Die Industrieproduktion in den USA sank im März 2025 um 0,7 %. Die Wirtschaft schrumpfte im ersten Quartal um –0,3 %. Die Energiepreise sind extrem volatil, und die Arbeitslosigkeit in ländlichen Regionen steigt trotz großspuriger Infrastrukturankündigungen. Die von Trump angekündigten 200 Milliarden Dollar an Investitionen existieren bislang weitgehend nur auf dem Papier – konkrete Vergabepläne fehlen. Gleichzeitig hat das Haushaltsdefizit laut dem Congressional Budget Office die Marke von acht Prozent des BIP überschritten.
Besonders betroffen: die Landwirtschaft. Um ein Massensterben bäuerlicher Betriebe – ausgelöst durch Trumps protektionistische Zollpolitik – zu verhindern, kündigte das Weiße Haus Direktzahlungen in Höhe von 14 Milliarden US-Dollar an. Es ist eine paradoxe Politik: Trumps „America First“ kostet die amerikanische Öffentlichkeit Milliarden, ohne langfristige Stabilität zu schaffen.
Höttges’ Aussagen wirken daher nicht wie eine nüchterne Analyse, sondern wie ein Ausdruck wirtschaftlichen Opportunismus – getragen von einem Konzern, der in den USA stark von behördlichen Genehmigungen und Marktzugängen abhängig ist. Die unter Trumps Justizministerium genehmigte Fusion mit Sprint hat den Einfluss der Deutschen Telekom auf dem US-Markt zementiert – heute mit rund 120 Millionen Kund:innen.

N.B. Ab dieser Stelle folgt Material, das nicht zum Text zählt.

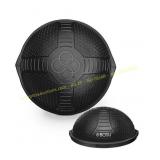 BOSU NexGen Home Fitness Gym Trainer, Black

Besonders brisant: Die Deutsche Telekom ist teilweise in Staatsbesitz. Die Bundesregierung hält über die KfW direkt und indirekt etwa 30 Prozent der Anteile. Dass sich der Vorstandsvorsitzende eines solchen Unternehmens öffentlich positiv über eine Regierung äußert, die auf Massendeportationen, autoritäre Erlasse und systematische Entrechtung setzt, wirft grundlegende Fragen auf – nicht nur hinsichtlich wirtschaftlicher Weitsicht, sondern auch in Bezug auf moralische Integrität.
Gleichzeitig bestehen Spannungen zwischen Konzernen wie Walmart und der Trump-Regierung, etwa wegen angekündigter Kürzungen bei Sozialprogrammen und Trumps Forderung, Preissteigerungen infolge neuer Zölle nicht an Kund:innen weiterzugeben. Und – die Eierpreise sind weiterhin hoch.
Es ist dieser gefährliche Mix aus ökonomischer Realitätsverweigerung und politischer Ignoranz, der Manager wie Höttges zu einem Risiko macht – nicht nur für ihr Unternehmen, sondern für das gesamte Verständnis von unternehmerischer Verantwortung in einer Demokratie. Wer in einer Zeit, in der Gerichtsurteile ignoriert, Minderheiten entrechtet und Menschen ohne Anhörung abgeschoben werden, Trump als wirtschaftliches Vorbild bezeichnet, disqualifiziert sich selbst als glaubwürdige Führungspersönlichkeit.
Die Deutsche Telekom ist kein gewöhnliches Unternehmen. Sie steht auch für europäische Werte, für Rechtsstaatlichkeit und soziale Verantwortung. Ein CEO, der sich an der Illusion autoritärer Macht berauscht, wird diesem Anspruch nicht gerecht – er gefährdet ihn.
Was jetzt gebraucht wird, ist keine Imagekorrektur. Was gebraucht wird, ist Haltung. Und Konsequenz. Wer Trump in dieser Lage lobt, erhebt sich nicht über die Debatte – er stellt sich auf die falsche Seite der Geschichte und gehört abgelöst.